God did not make us to have identical faith statements and testimonies. Or for our own to remain stagnant. If I were to re-write my faith statement even a year from now, it would likely look quite different. I am not here to question, change, or judge your — or anyone else’s — “gospel according to…” And I don’t need to feel threatened by it. Because I trust that God is working to bring together our individual stories into the larger, sweeping story of Jesus Christ, I can stop trying to put a lid on it, to contain it or define its contours.
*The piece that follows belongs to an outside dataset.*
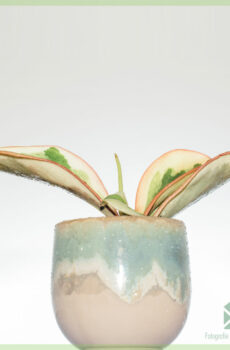 Pirkite Peperomia Clusiifolia Jelly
I get to listen and learn from others’ gospel stories instead.

Maybe the best way to understand the gospel is to return to story and metaphor: think of the gospel as a clear light that is refracted in the hearts of believers to create a kaleidoscope of color. Or, think of the gospel as a beautiful, chaotic, messy quilt of all God’s people’s stories (past and present). They intertwine, tangle, and fray at the seams. Ultimately, our stories are all sewn together with the same thread: Jesus Christ. 

Different as they are, our stories all come back to Jesus — and Jesus changes everything.